PROVIDED DATA: Begin

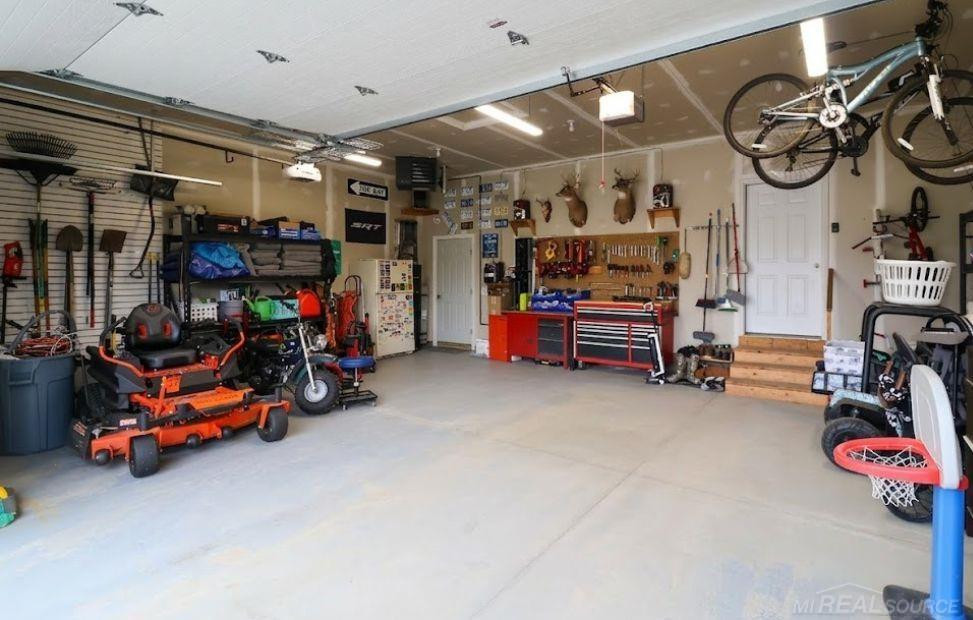 450 Pheasant Ridge Court, Ortonville, MI 48462 — Photo 39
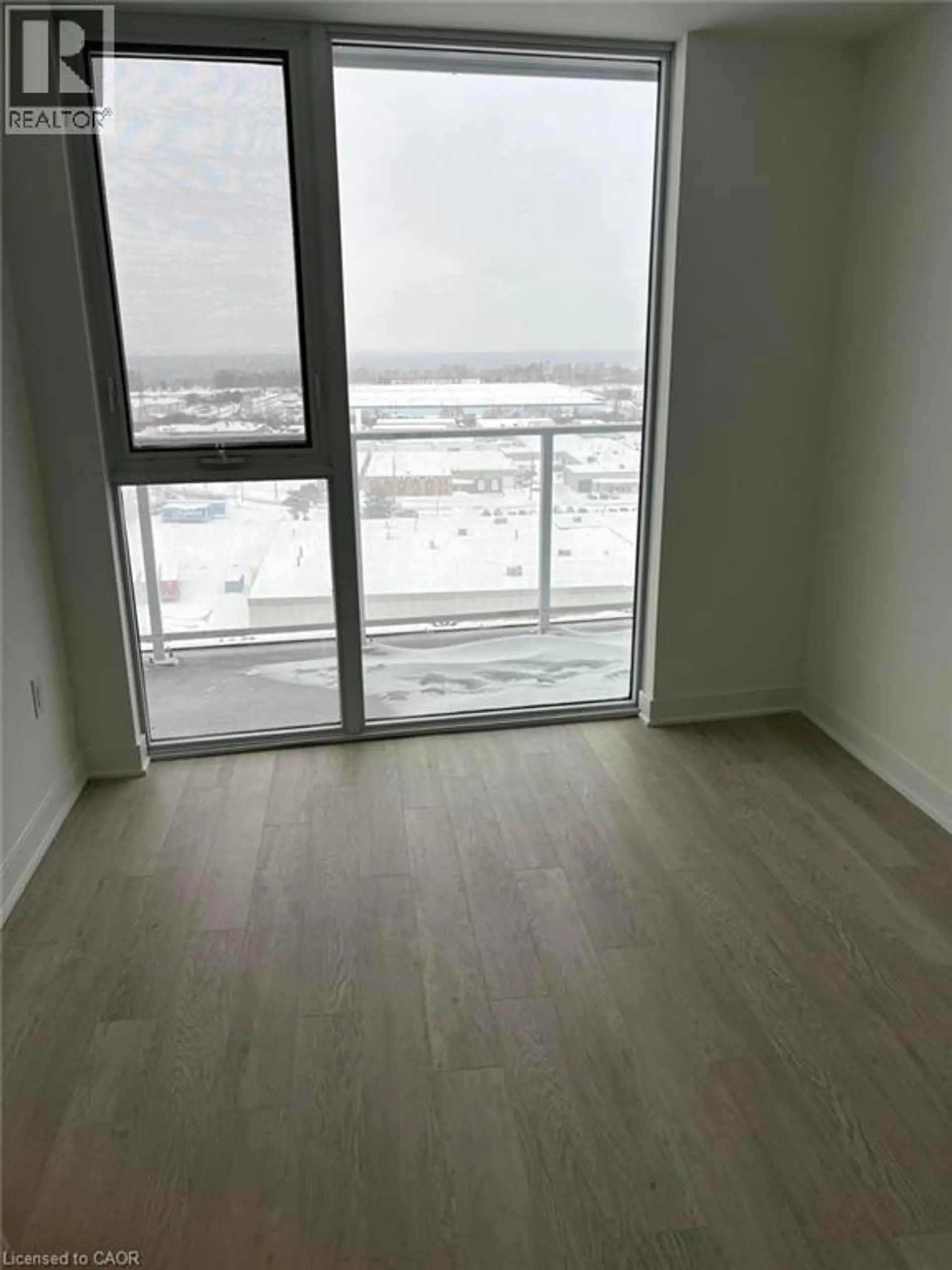#1215 2782 BARTON STREET E - Image 2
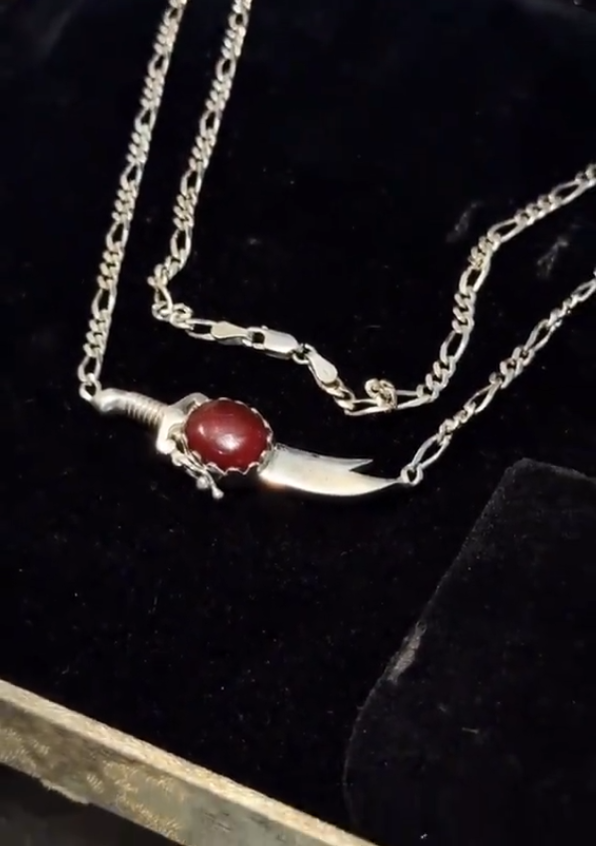 Aqeeq Stone Zulfiqar Necklace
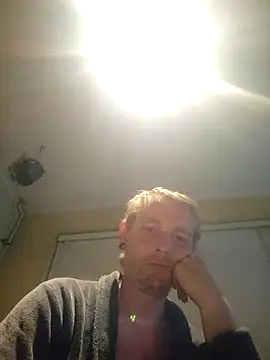 Snapshot of piercingpik chatting on May 21, 2026, 9:00 pm piercingpik online show from May 21, 2026, 9:00 pm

PROVIDED DATA: End

▶ _PROBLEM DETAILS_
Copy every line above exactly; images stay out.

▶ _SOLUTION FOR THIS EXERCISE_
 450 Pheasant Ridge Court, Ortonville, MI 48462 — Photo 39
#1215 2782 BARTON STREET E - Image 2
 Aqeeq Stone Zulfiqar Necklace
 Snapshot of piercingpik chatting on May 21, 2026, 9:00 pm piercingpik online show from May 21, 2026, 9:00 pm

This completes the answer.